Record excerpts:
[Start of Attachment]
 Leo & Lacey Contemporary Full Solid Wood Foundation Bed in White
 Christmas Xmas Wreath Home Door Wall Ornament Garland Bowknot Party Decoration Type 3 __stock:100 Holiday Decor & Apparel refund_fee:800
[End of Attachment]
[Start of Attachment]
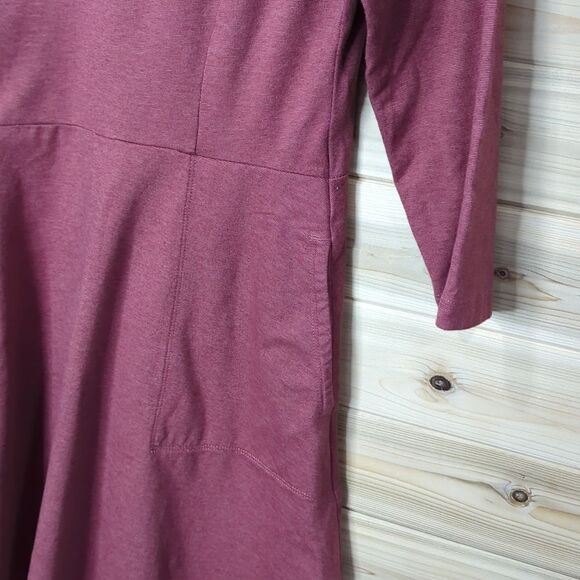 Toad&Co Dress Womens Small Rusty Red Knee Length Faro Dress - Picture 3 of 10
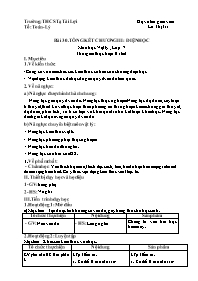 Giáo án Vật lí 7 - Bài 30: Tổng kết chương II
[End of Attachment]
The answer is the lines above between the line holding "Leo & Lacey" and the line holding "Christmas Xmas Wreath", inclusive, each written out exactly, and no others.

 Leo & Lacey Contemporary Full Solid Wood Foundation Bed in White
 Christmas Xmas Wreath Home Door Wall Ornament Garland Bowknot Party Decoration Type 3 __stock:100 Holiday Decor & Apparel refund_fee:800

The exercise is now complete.